TASK GOAL:
Would you give the listing back word for word once its pictures are removed?

DATA SHOWN:
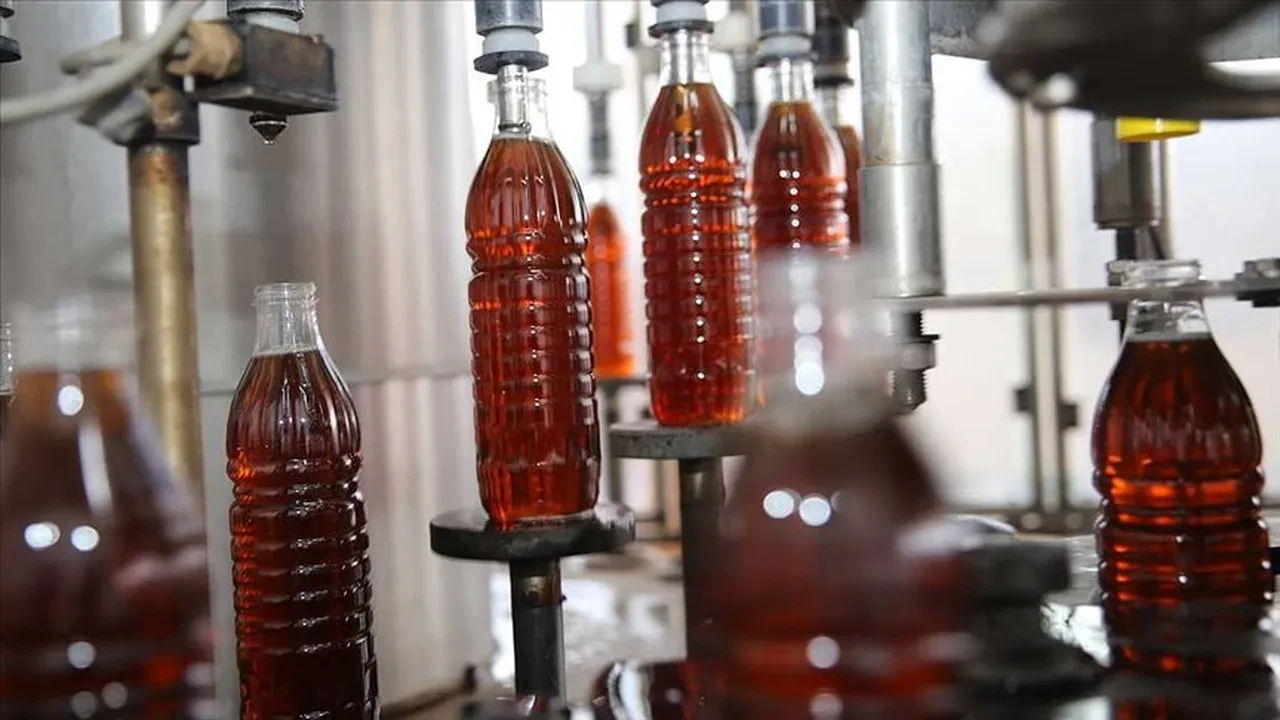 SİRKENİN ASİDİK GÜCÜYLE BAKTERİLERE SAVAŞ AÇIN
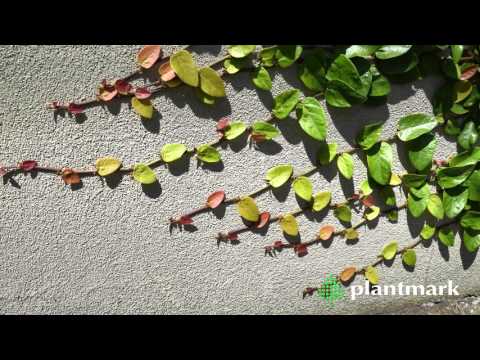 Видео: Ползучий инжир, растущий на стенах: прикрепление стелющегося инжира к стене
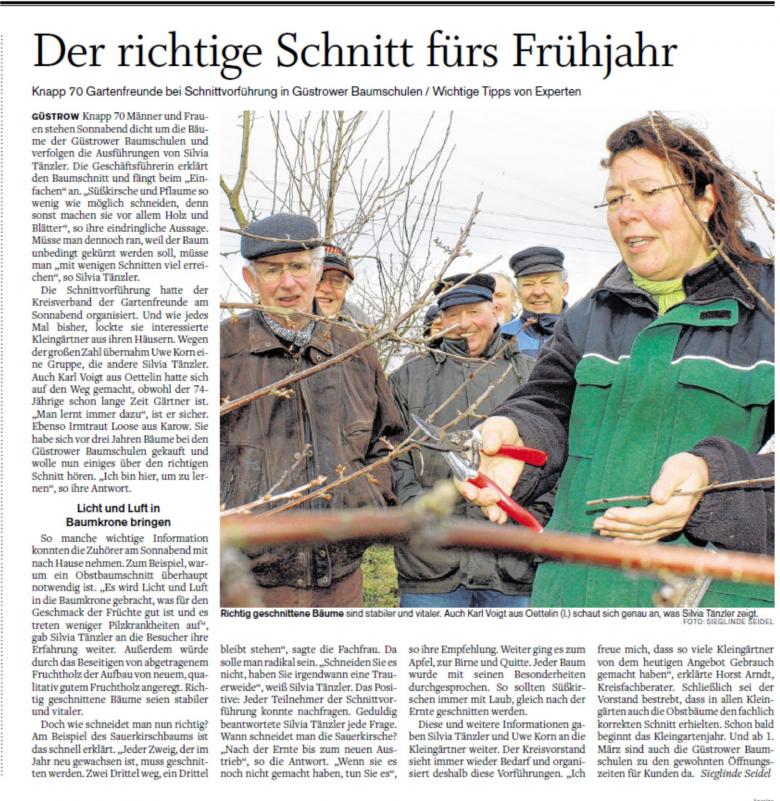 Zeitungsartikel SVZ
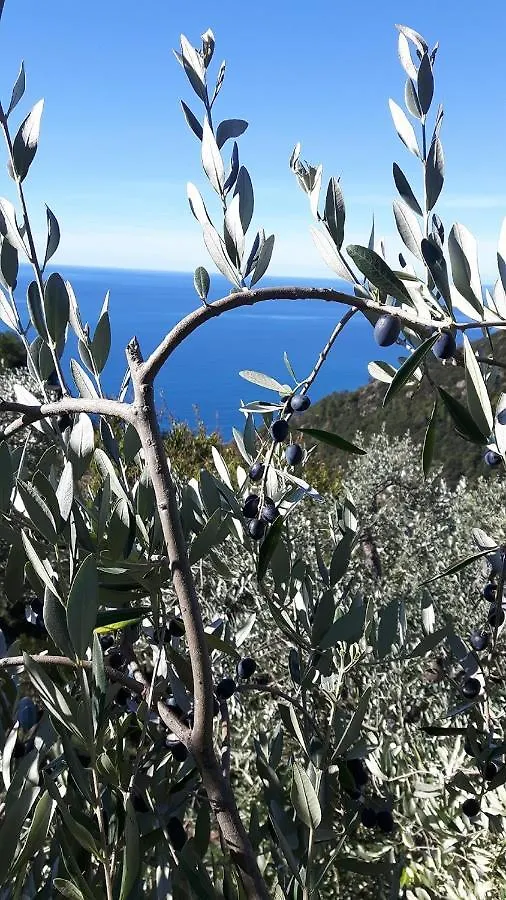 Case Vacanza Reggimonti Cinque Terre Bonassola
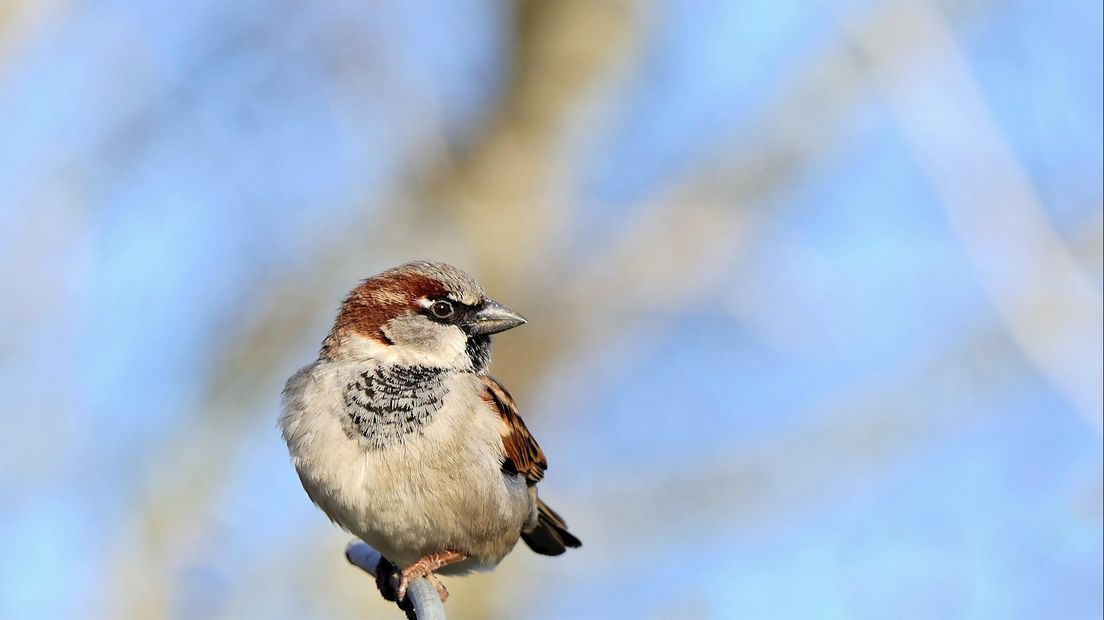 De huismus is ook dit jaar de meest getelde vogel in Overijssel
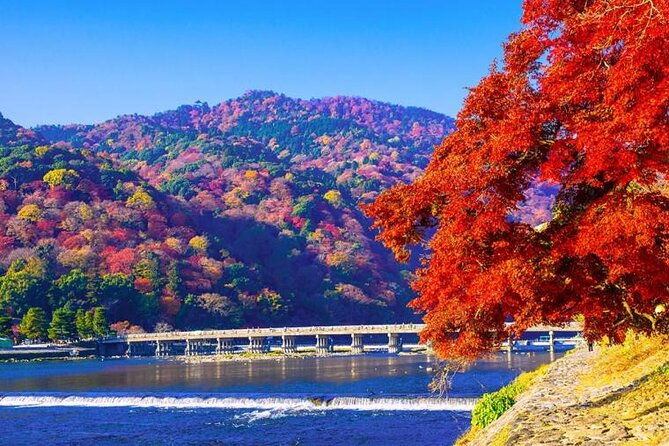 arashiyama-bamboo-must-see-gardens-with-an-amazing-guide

ANSWER AREA:
 SİRKENİN ASİDİK GÜCÜYLE BAKTERİLERE SAVAŞ AÇIN
 Видео: Ползучий инжир, растущий на стенах: прикрепление стелющегося инжира к стене
 Zeitungsartikel SVZ
 Case Vacanza Reggimonti Cinque Terre Bonassola
 De huismus is ook dit jaar de meest getelde vogel in Overijssel
 arashiyama-bamboo-must-see-gardens-with-an-amazing-guide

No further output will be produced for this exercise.